Éd. Marchand de feuilles, 2009, 225 p.

De Hongkong au Québec

Une Québécoise travaillant en Chine est emmenée à l’aéroport par deux policiers hongkongais. Qu’a-t-elle fait pour qu’on la chasse du pays manu militari ? Selon la mentalité chinoise, c’est sa chance de retourner vivre au Québec même si l’extradée se plaît énormément à Hongkong, « un port parfumé » occupé par les sièges sociaux des grandes banques du monde. Pourtant, elle n’a rien à se reprocher selon les critères occidentaux.
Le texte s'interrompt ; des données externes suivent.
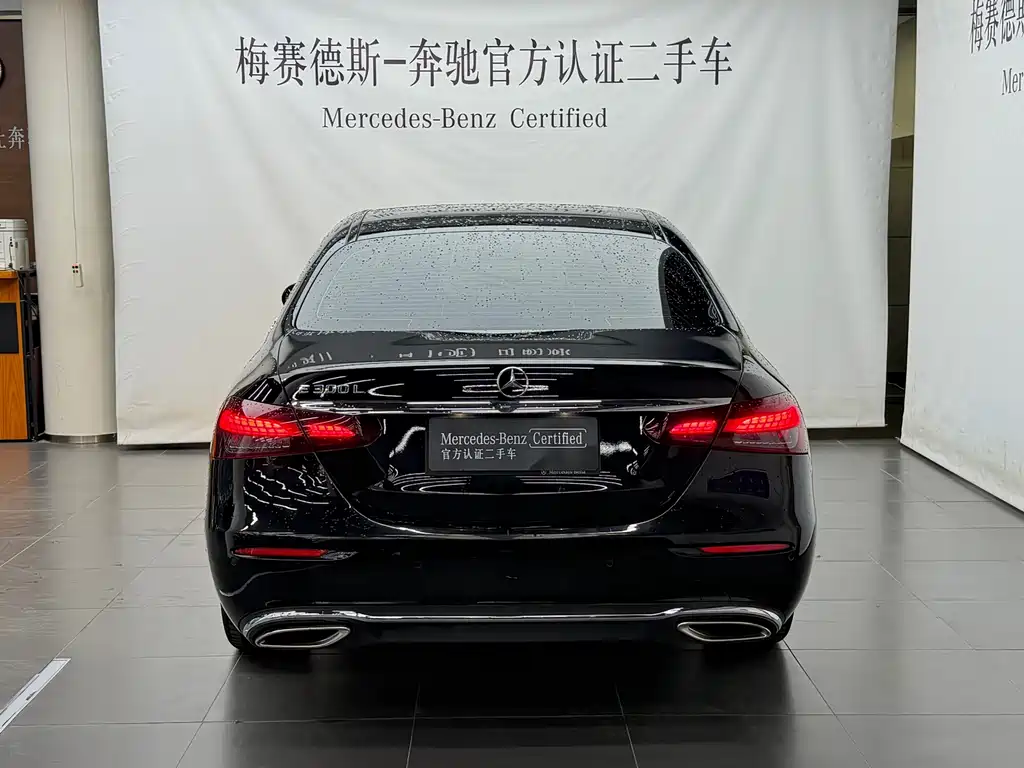 Mercedes-Benz E-Class E 2023 E 300 L Luxury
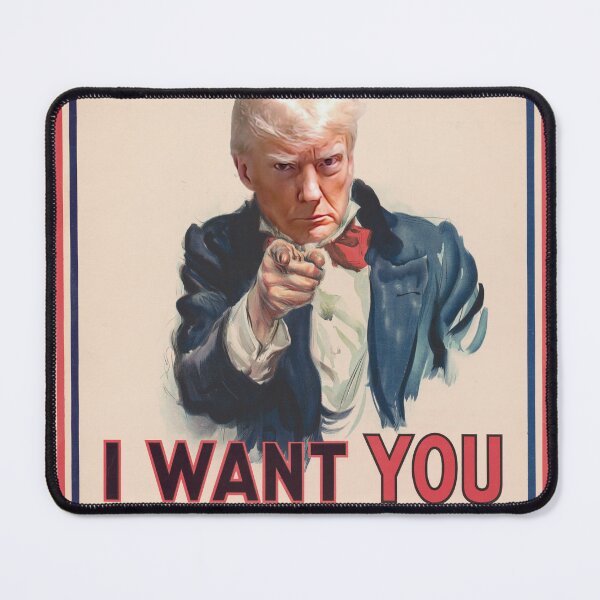 Item preview, Donald Trump, Uncle Sam designed and sold by PaletteX.
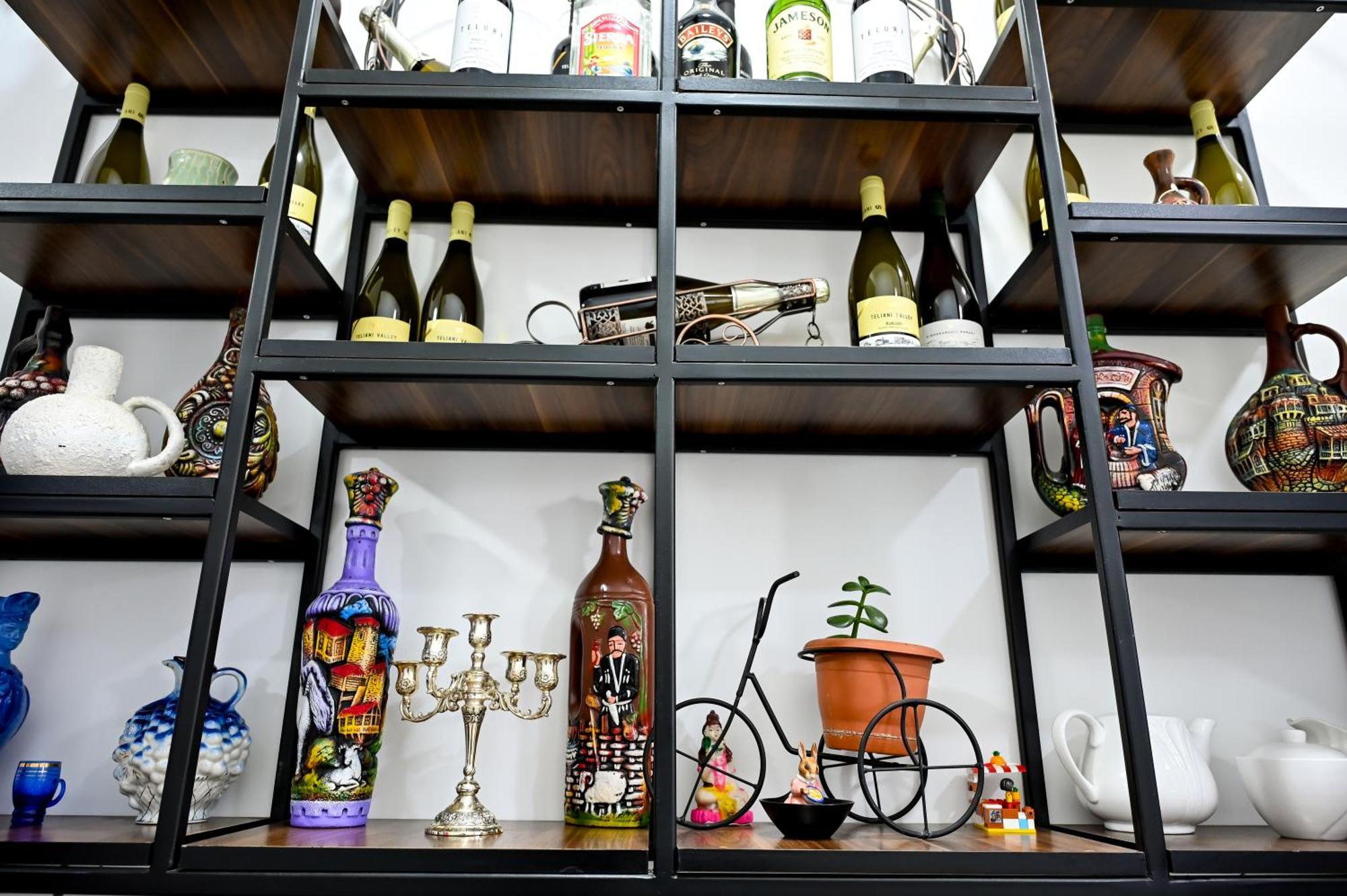 Starhostel Kutaisi Bagian luar foto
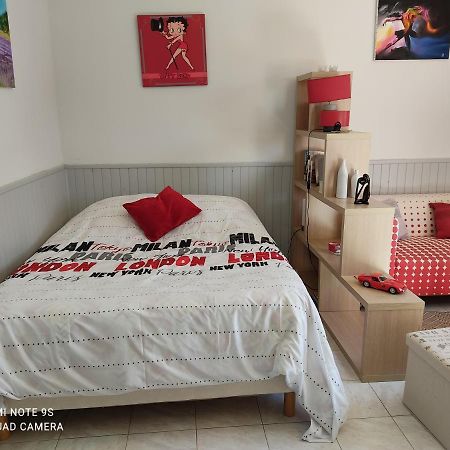 Ferienwohnung La Bedosse Alès Exterior foto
Allez-y voir. On ne s’attache pas aux gens et à un yú (un poisson) impunément. En fait, le yù en question est une femelle qu'elle appelle affectueusement Poissonne. Elle entretient un amour ichtyologique avec cet animal de compagnie inhabituel qu’elle embrasse derrière la vitre de l’aquarium. L’amour, toujours l’amour. Amour auquel il lui faudra renoncer de gré ou de force. C’est un dur coup pour l’héroïne, qui était venue à Hongkong en veuve joyeuse pour refaire sa vie après le suicide de H., un conjoint coulé dans le ciment dès son enfance. Elle avait trouvé un certain équilibre en se procurant un sperm milk fish, dont les propriétés favorisent l’enrichissement de la testostérone. Dans un contexte asiatique, cet achat est loin d’être anodin. La mafia locale encourage la croyance qui veut que le règne animal comble les défaillances de l’espèce humaine. Ainsi se resserrent les morses de l’étau sur la pauvre femme que l’on veut dépouiller de son trésor pour guérir un policier de son impuissance et pour payer des dettes de jeux. Adhérent à la philosophie millénaire de son pays d’adoption, elle se laisse convaincre que l’on n’existe que pour créer la chance d’autrui.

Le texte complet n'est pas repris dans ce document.